= Coutts Trotter (physicist) =

British physicist and academic administrator

Coutts Trotter (1 August 1837 – 4 December 1887) was a British physicist and academic administrator, vice-master of Trinity College, Cambridge from 1885.

==Life==
He was the son of the stockbroker Alexander Trotter and his first wife Jacqueline Otter, daughter of William Otter, born on 1 August 1837 in Hampstead; the electrical engineer Alexander Pelham Trotter was his half-brother, and Henry Dundas Trotter his uncle. He was educated at Harrow School, and matriculated at Trinity College, Cambridge, in 1855, graduating B.A. in 1859, and M.A. in 1862.

Trotter was elected a Fellow of Trinity College in 1861. In 1863 he was ordained deacon to a curacy in Kidderminster, where he stayed for two years. He then went to Heidelberg in the German Confederation to study experimental physics under Hermann von Helmholtz and Gustav Kirchhoff from 1865 to 1866. After spending some further time in Italy, he returned to Trinity College, where in 1869 he was appointed lecturer in physical science, a post which he held until 1884.

Settled in Cambridge, Trotter became an influential figure in university administrative affairs, in part because of a polymathic understanding of academic subjects. From 1874 onwards he was a member of the council of the Senate of the university. There were changes in the statutes in 1882, and his role was particularly important for the increased attention to natural science. He was a reformer, and in politics a Liberal. The drive for reform began in Trinity College itself, after William Whewell died in 1866, where Trotter had allies in Henry Sidgwick and Henry Jackson.

In Trinity, Trotter became junior dean in 1870, and senior dean in 1874. He was tutor of his college from 1872 to 1882, and was appointed its vice-master in 1885. He died unmarried in Trinity College on 4 December 1887: at the time he was president of the Cambridge Philosophical Society, and vice-president of the council of Newnham College.
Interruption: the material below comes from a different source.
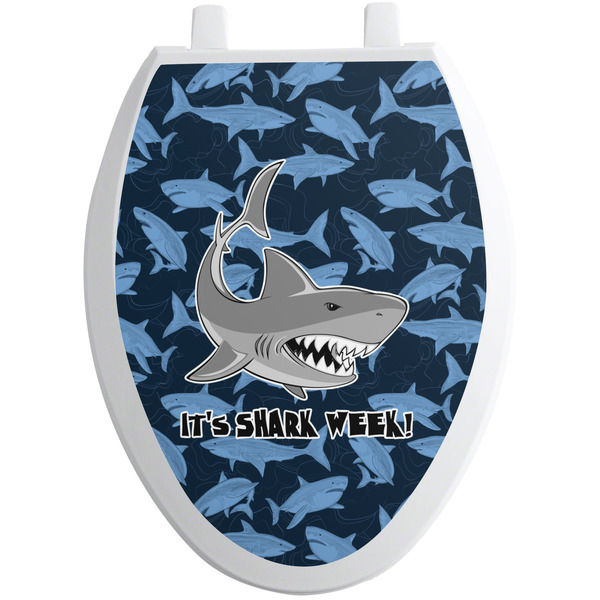Custom Sharks Toilet Seat Decal - Elongated (Personalized)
He left much of his library, with a bequest in money, to Trinity College, and the remainder of his library and his collection of scientific instruments to Newnham College.

==Legacy==
From the time of Trotter's death, Trinity College has offered the Coutts Trotter studentship, supported by a bequest of £7,000. The chosen areas were experimental physics and physiology. It was held, for example, by Ernest Rutherford.